Let s(t)=-5t^2+40t be the position equation for a rock thrown upwards. At what time t, in seconds, will the rock change directions?
at its vertex.
the x of the vertex is -b/(2a) = -40/-10 = 4
it will change direction at t = 4 seconds
Well, it seems like the rock is going to have a "change of heart" and change directions at some point. Let's find out when the rock decides to do a 180!
To determine when the rock changes directions, we can find the time t when the velocity is equal to zero. The velocity is the derivative of the position function, s(t).
To find the velocity, we take the derivative of s(t). Applying the power rule of derivatives, we have:
s'(t) = -10t + 40
Now, to determine when the velocity is equal to zero, we set s'(t) equal to zero and solve for t:
-10t + 40 = 0
Solving this equation, we find:
-10t = -40
t = (-40) / (-10)
t = 4
So, after juggling the numbers, we find that the rock changes directions at t = 4 seconds.
Keep in mind that this is a simplified model, so in real life, the rock might have some fancy tricks up its sleeve before deciding to change directions.

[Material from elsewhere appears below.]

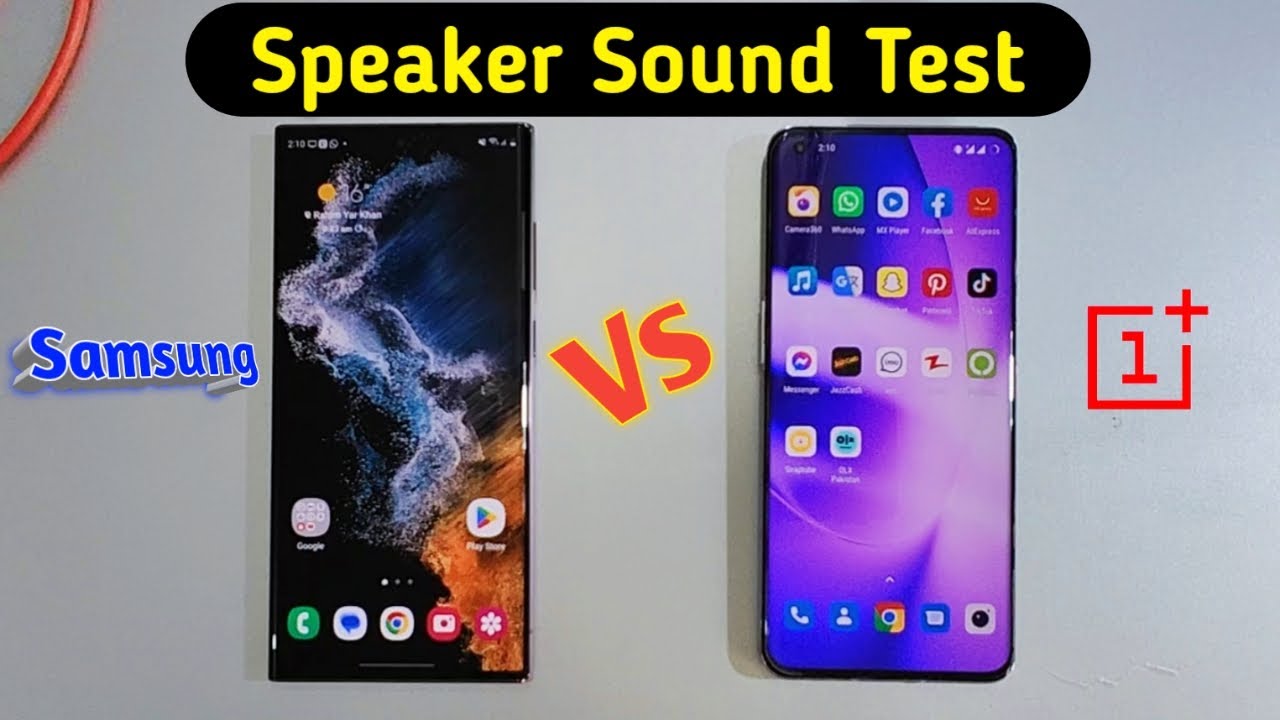 OnePlus 9 Pro Vs Samsung S22 Ultra Speaker Sound Test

To determine the time at which the rock changes directions, we need to find when the velocity of the rock becomes zero.
The velocity equation is the derivative of the position equation:
v(t) = s'(t) = -10t + 40
Setting the velocity equation equal to zero and solving for t:
-10t + 40 = 0
Adding 10t to both sides:
40 = 10t
Dividing both sides by 10:
t = 4
Therefore, the rock will change directions at t = 4 seconds.
To find the time at which the rock changes directions, we need to identify when the velocity of the rock changes from positive to negative or vice versa.
The velocity function, v(t), is the derivative of the position function, s(t). So, let's differentiate s(t) to get v(t):
s(t) = -5t^2 + 40t
To differentiate s(t), we apply the power rule:
s'(t) = (-5) * 2t^(2-1) + 40 * 1t^(1-1)
= -10t + 40
Now, we need to find when the velocity, v(t) = -10t + 40, changes signs. In other words, we need to solve the equation:
-10t + 40 = 0
To solve for t, we isolate the variable:
-10t = -40
Dividing both sides of the equation by -10, we find:
t = 4
Therefore, the rock changes directions at t = 4 seconds.